La question de Noël est de savoir pourquoi Celui qui veut être tout entier présent à chacun de nous, ne l’est pas. Pourquoi Jésus n’est-Il pas présent à chacun de nos cœurs de telle manière que, sortant de cette église nous ne pourrions jamais oublier sa visite ? Pourquoi le beau cadeau de Noël, pourquoi le seul vrai cadeau de Noël, Dieu parmi nous , l’Emmanuel, la Lumière qui éclaire les ténèbres, échappe-t-il au regard de la multitude ?
Il y a, bien entendu les ténèbres qui font obstacle à cette Présence, mais S. Jean affirme que « la lumière brille dans les ténèbres et les ténèbres n’ont pu la saisir ».
Si les ténèbres n’ont pu saisir la Lumière, comme la Lumière ne nous saisit-Elle pas ? Elle est là, comment ne la saisissons-nous pas ?
Peut-être manque-t-il un annonciateur ? Un Jean ? « Il y eut un homme envoyé par Dieu ; son nom était Jean. Il est venu comme témoin, pour rendre témoignage à la lumière, afin que tous croient par lui . » Mais Jean est mort, il y a plus de deux-mille ans…
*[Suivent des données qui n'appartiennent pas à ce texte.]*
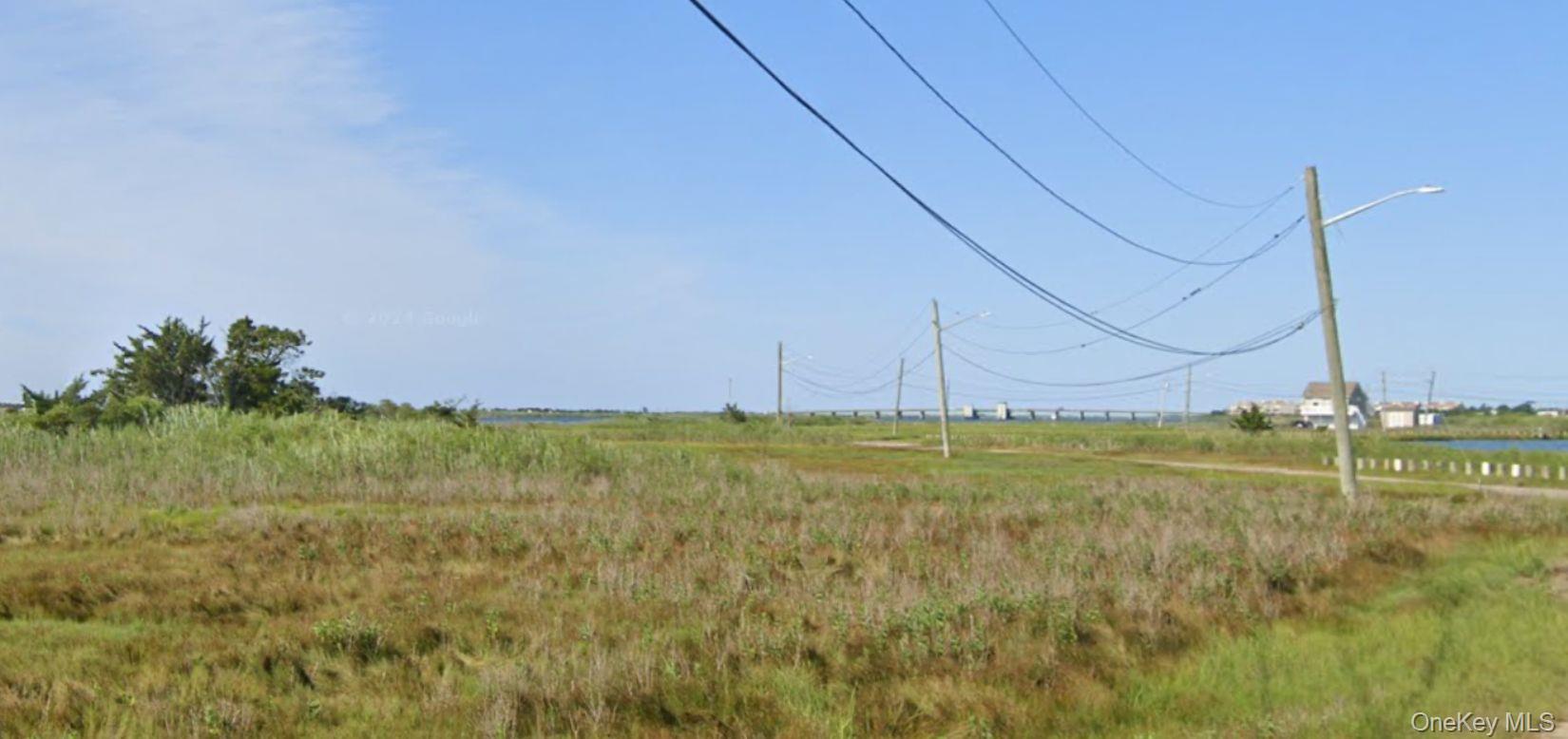 a view of a yard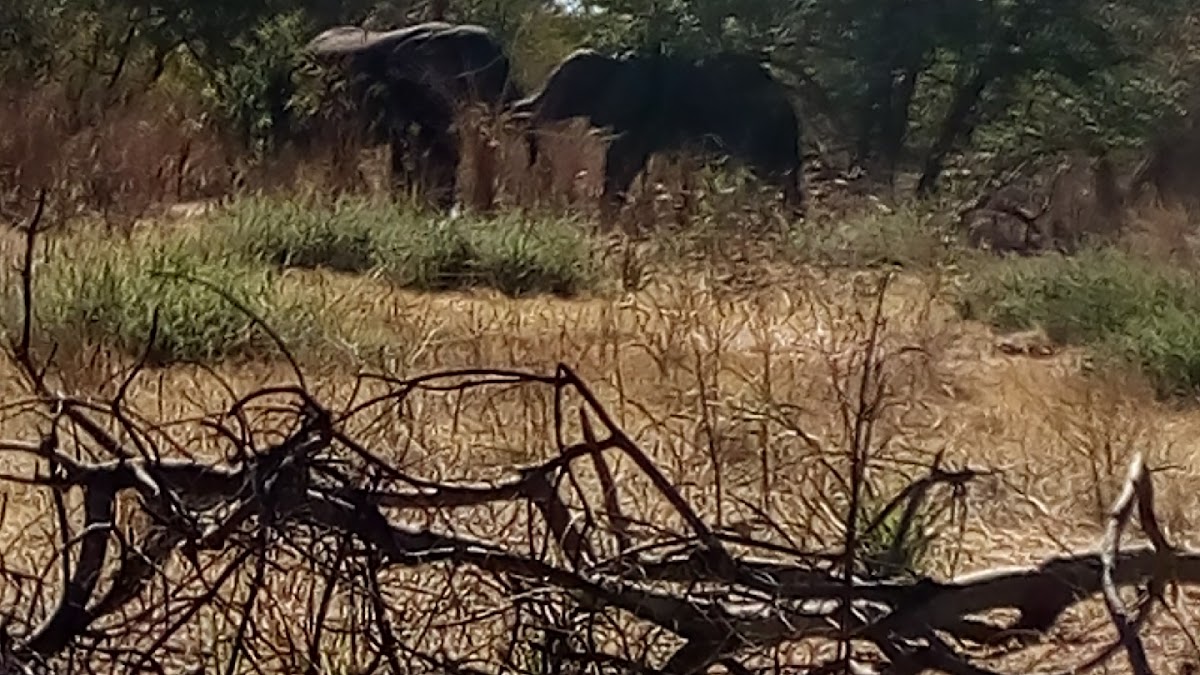Bantu Pathfinders — tour operator in Mosi -O- Tunya Road NAPSA House Livingstone, Zambia – photo 1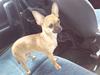 Chihuahua Luna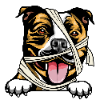 American Staffordshire Terrier 3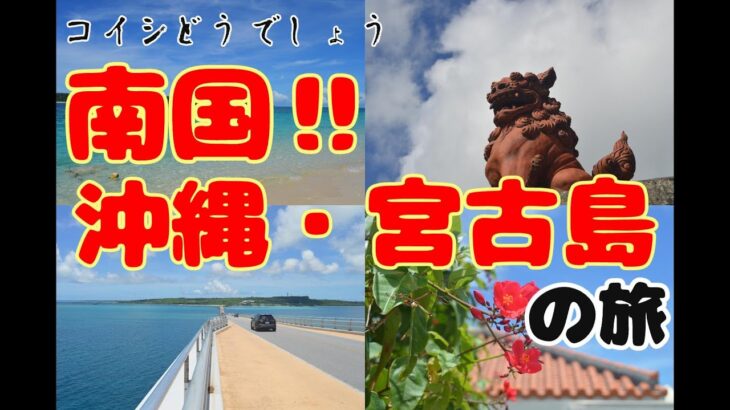 2023年 コイシどうでしょう～沖縄・宮古島の旅～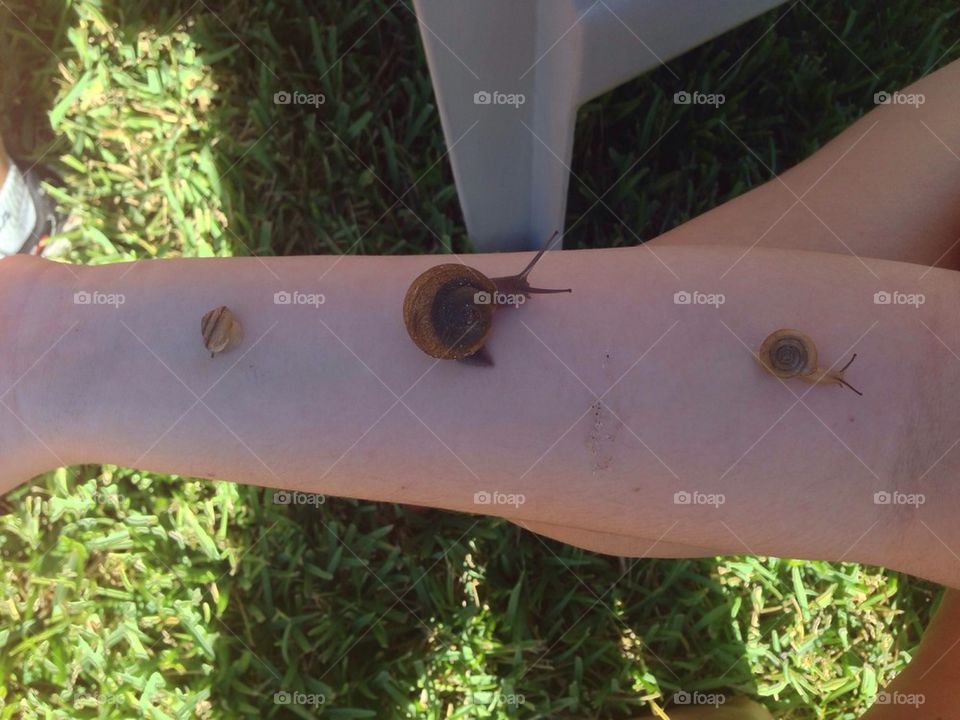 Three snails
Peut-être faut-il des anges ? « Et voici, un ange du Seigneur apparut aux bergers, et la gloire du Seigneur resplendit autour d’eux. Ils furent saisis d’une grande frayeur. Mais l’ange leur dit : Ne craignez point ; car je vous annonce une bonne nouvelle, qui sera pour tout le peuple le sujet d’une grande joie: aujourd’hui, dans la ville de David, vous est né un Sauveur, qui est le Christ, le Seigneur .
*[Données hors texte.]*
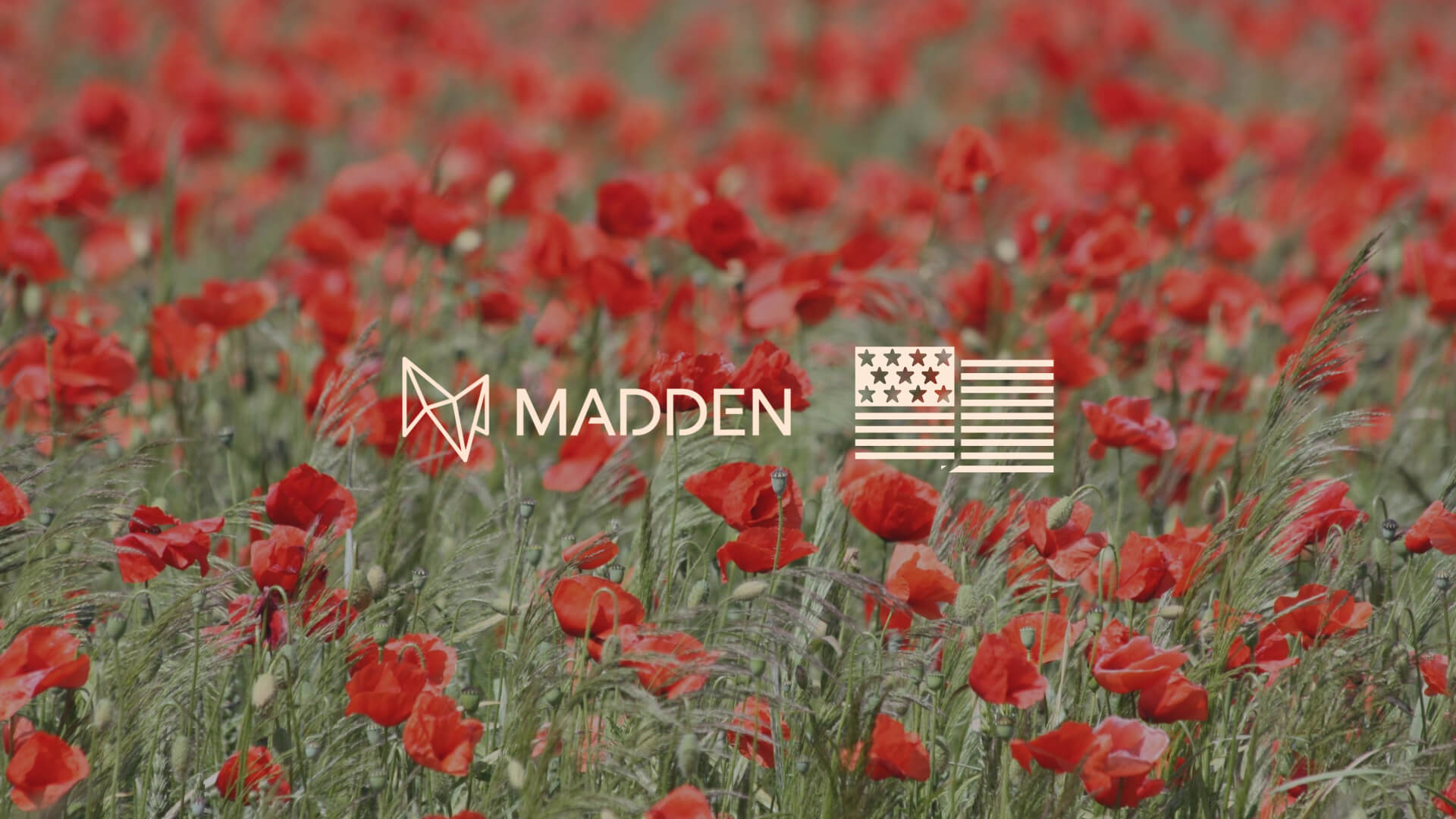 Memorial Day: Between Remembrance and Road Trips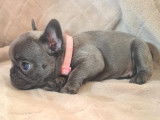 Chiots Bouledogue Français bleus avec Pedigrée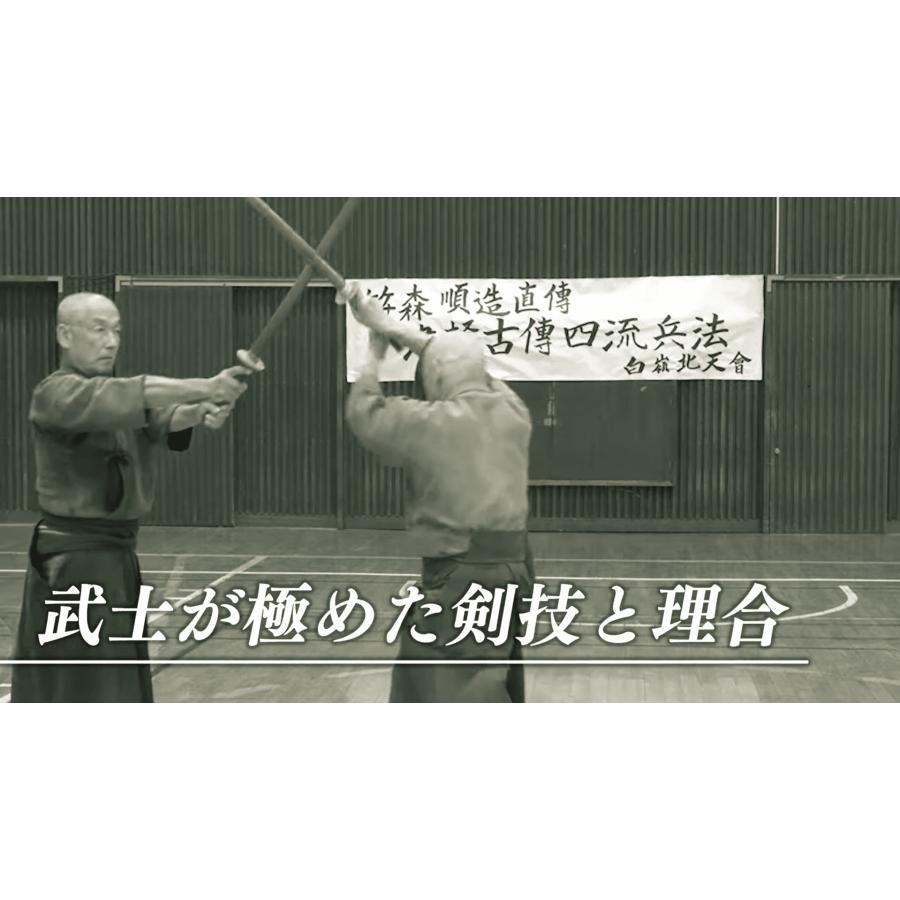 笹森順造直伝・小野派一刀流剣術の真髄【笹森順造伝承受命者 笹森順造直伝・小野派一刀流剣術の真髄【笹森順造伝承受命者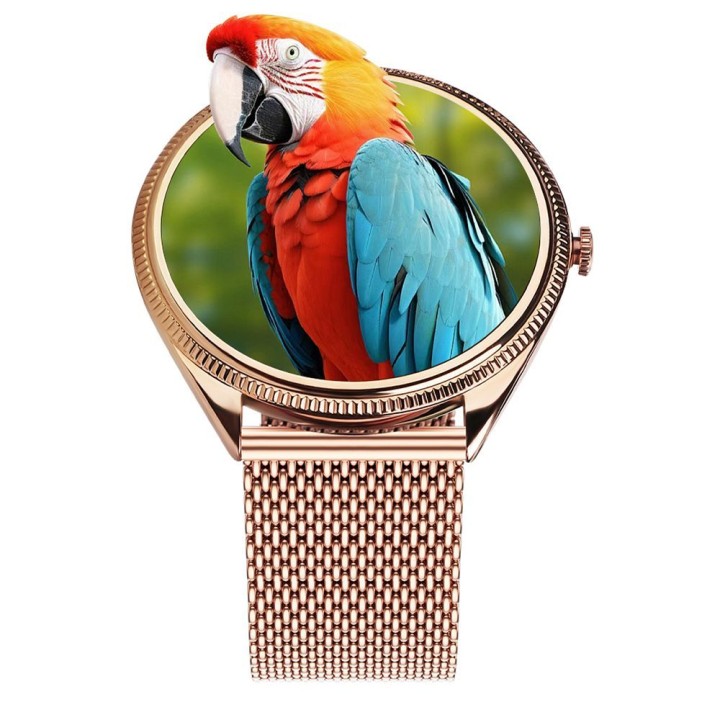 Smartwatch TITMO O-170 (AMOLED, Bluetooth call, strap steel szlachetna gold mesh) gold 0INT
Alors il faudrait des anges par toute la terre et pas seulement à Bethléem… comme lors de Son retour en gloire. Mais voilà d’autres anges, d’autres envoyés : ces bergers à qui l’annonce a été faite : « Après avoir vu [le Sauveur], ils racontèrent ce qui leur avait été dit au sujet de ce petit enfant. Tous ceux qui les entendirent furent dans l’étonnement de ce que leur disaient les bergers . »
N’est-ce pas hier, mon Père, existe-t-il aujourd’hui encore de tels anges sur la terre ?
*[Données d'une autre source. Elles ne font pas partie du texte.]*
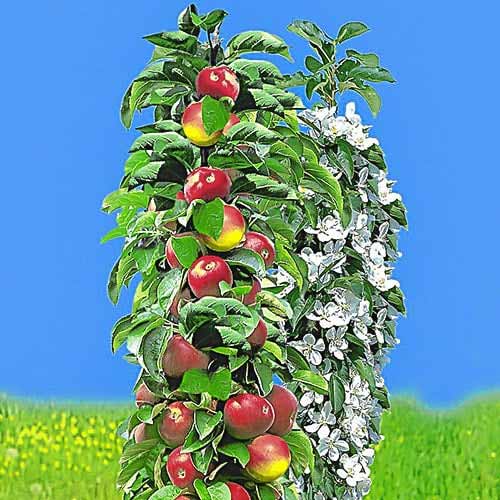 Kolonveida ābele, agrīna, С2 interface.image 1 interface.art 1932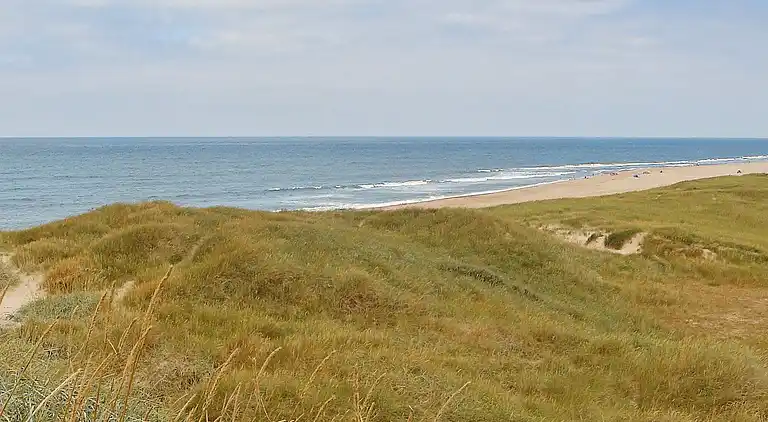 Ferienhaus am Vrist Strand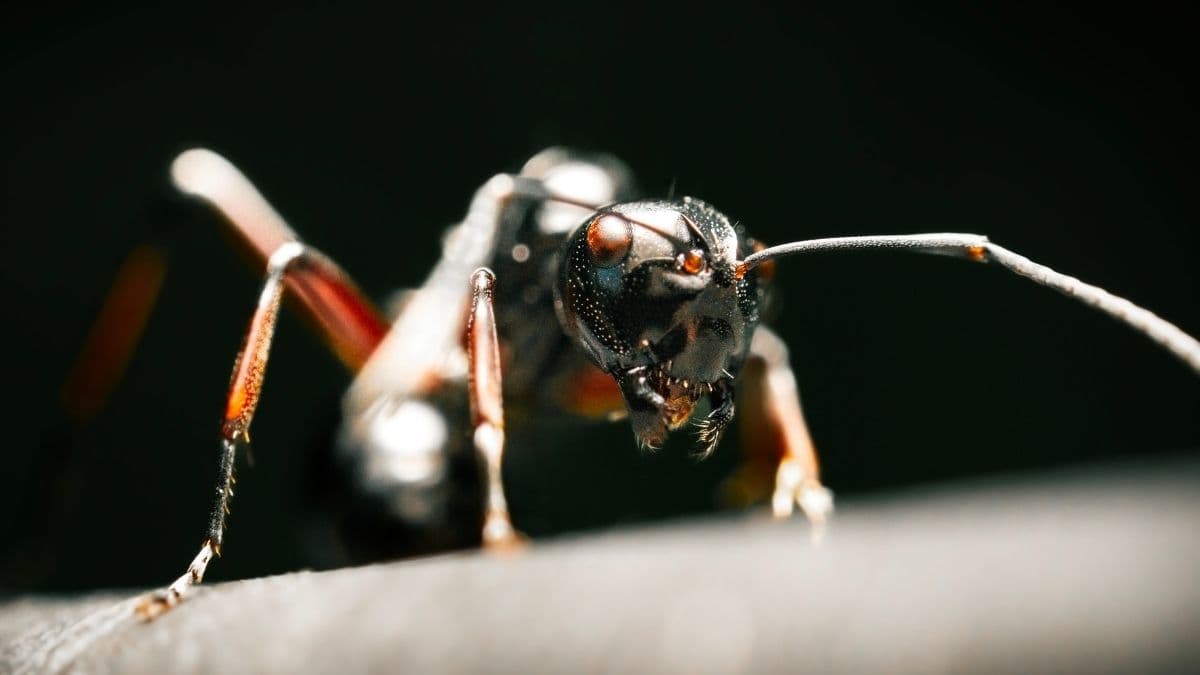 Air Pollution Is Wreaking Havoc on Ants, And The Effects Are Alarming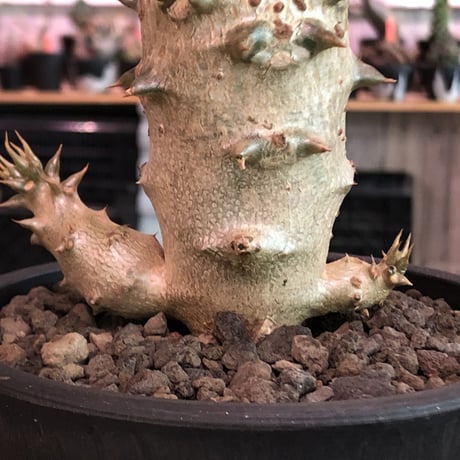pachypodium  baronii《小さめL size》※激希少‼︎現地球発根済株※現地らしい荒いstuds棘に肌質‼︎確定枝を持ちweight低めな良樹形※mad black pot植え
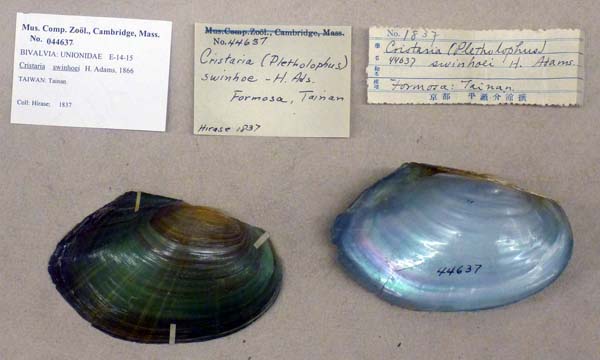 specimen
Sonam Shaikh, née d’un père musulman et d’une mère hindoue, a vingt-deux ans. Brillante diplômée d’une école de commerce et d’hôtellerie dans l’aviation, elle travaille déjà. Un collègue catholique l’invite à la Messe de minuit en 2011. Jusqu’alors, elle n’est jamais entrée dans une église. En franchissant la porte, elle sent quelque chose en elle et « immédiatement, j’ai commencé à aimer ce Dieu puissant ».
Pourtant Sonam avait accepté l’invitation « comme un évènement social et culturel », mais tout la fascine : « Être simplement présente à la Messe était une expérience merveilleuse et magique. La longue procession d’entrée avec les vêtements des prêtres, les servants d’autel, me remplirent d’admiration. Je n’étais pas préparée à cette grandeur . »
Alors que le prêtre s’avance au pupitre pour lire l’histoire de la Nativité, « ce fut comme un coup de tonnerre : la conception de la Vierge par le Saint Esprit, le chant des anges, la naissance de Dieu : c’était au-delà de mon imagination. Ce Dieu était si puissant que toutes choses obéissaient à Sa Parole. La puissance de Dieu a suscité en moi un désir intense de Le connaître . »
Elle s’inscrit au Catéchuménat pour adultes où elle apprend non seulement à lire la bible et à prier toute seule, mais à « partager avec d’autres ».
Lors de sa première retraite, elle découvre Jésus « humilié, souffrant, versant chaque goutte de Son sang pour racheter le monde. Elle s’engage alors dans « le pardon, la compassion, et […] le partage », devient « plus proche de Dieu, de sa famille, de ses amis et voisins, de tout le monde… “Tellement de grâces, tant à remercier : Je vois et j’entends différemment à cause de mes lectures, de ma méditation des Écritures et de la vie de Dieu en moi .“ » Au cours de son cheminement, elle fait l’expérience du lavement des pieds. Ce n’est pas le prêtre, mais elle qui doit laver les pieds de ses accompagnateurs. Elle est sans voix. Elle comprend qu’il s’agit d’être comme le Maître, « “doux et humble “. Nous devons abandonner notre moi, notre orgueil, notre égoïsme. » Ses yeux s’emplissent de larmes, parce que c’est « le sentiment le plus humble » dont elle ait fait l’expérience jusque-là. « Cela a changé ma vision d’autrui . »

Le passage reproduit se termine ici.